ORIGINAL: DeanoZ
Lawdog I thought the same thing about mine...I figured ok the shot may not have been great but at least since I was using the rage's I'd have a good blood trail and eventually he'd expire...NOPE!!! And now after reading what happened in your case it sorta makes sense. If it was a non-leathal shot he's probably going to carry-on as if nothing happened for the most part...but yeah thats just crazy that ya found him not far from where you first shot him...wish mine had done that! All this talk makes me want to go back out there and find my buck again!!! Grrrrrrrr!!!!
My Brother in-law shot a fat little 5pt a couple weeks ago with his TC Omega.
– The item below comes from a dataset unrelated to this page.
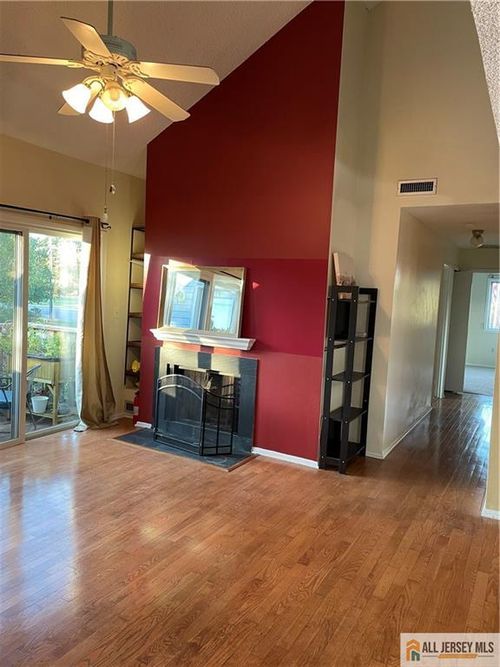 108-108 Aspen Dr, Plainsboro, NJ, 08536-3601 | Card Image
He hit the buck square on top of the right shoulder and he went 30 yards before going down. When field dressing he grabbed ahold of a fixed blade broadhead floating loose in the chest cavity. Perplexed and not believing that a deer could survive with something like that loose among his lungs, he carefully took the buck apart during the butchering.
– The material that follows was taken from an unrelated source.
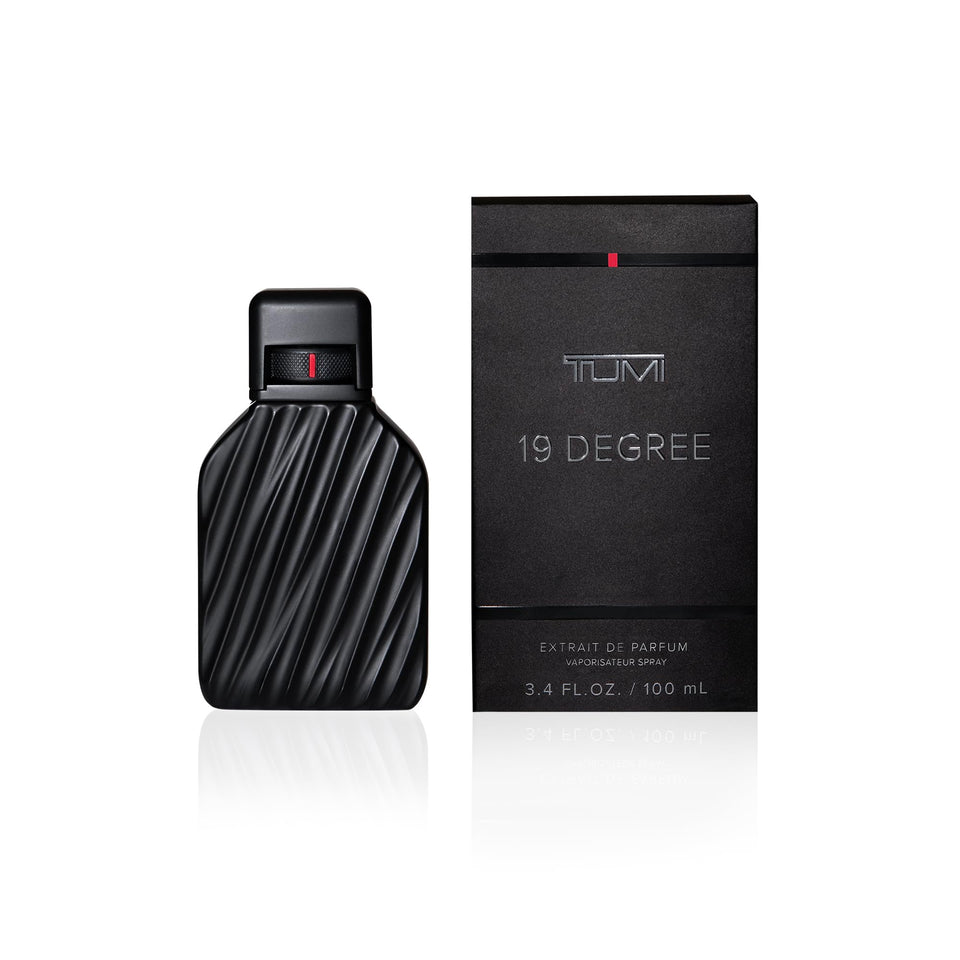 TUMI 19 Degree bottle close-up with amber and leather accents for a bold impression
He found that the arrow had penetrated the shoulder blade but for some reason had gone no further and that there was extensive scarring and fibrous deposits under the shoulder blade where the buck had walled off the broadhead and was living with it. He was trailing two doe when he was shot. Now as Paul Harvey says, the rest of the story. How did the broadhead end up loose in the chest cavitry of an otherwise healthy buck?
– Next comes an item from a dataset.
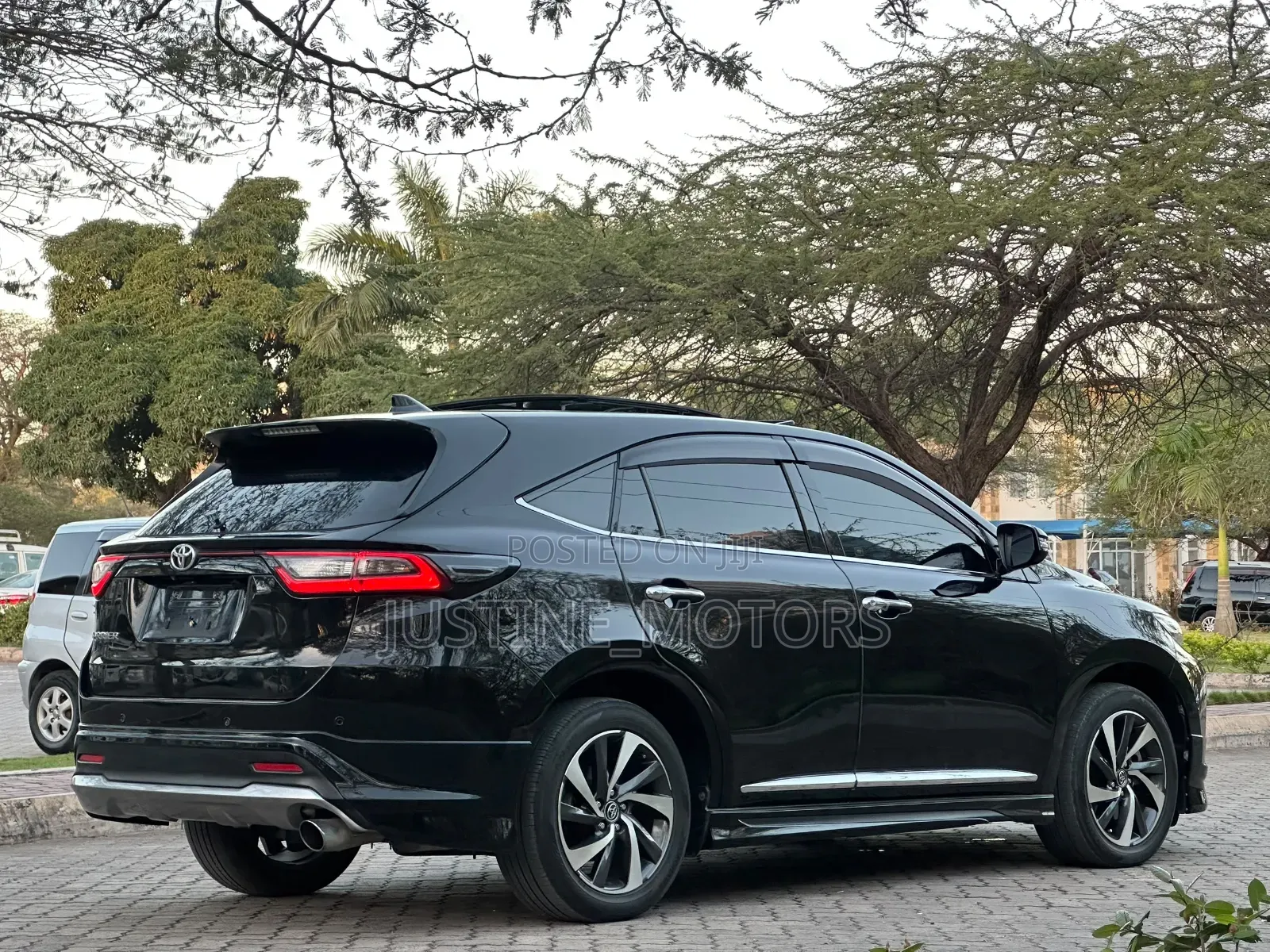 Toyota Harrier 2017 Black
Upon examination of the short stub of aluminim shaft attached to the broadhead, there was revealed a half circle roughly .50 cal size punched out of it. The entrance hole made by the slug was practically dead center of the fibrin deposits holding the broadhead at bay. This 5pt has to go near the top of the list as one of the unluckiest bucks in history. First he get shot with a broadhead and has to endure it until his body isolates it. Then, in the middle trying to get a little female attention he gets shot with a muzzleloader that not only take his lungs out but drives that broadhead right into his chest where it was intended to go in the first place.
Broadheads fascinate me in their ability to kill, and in the little things that can go wrong sometimes.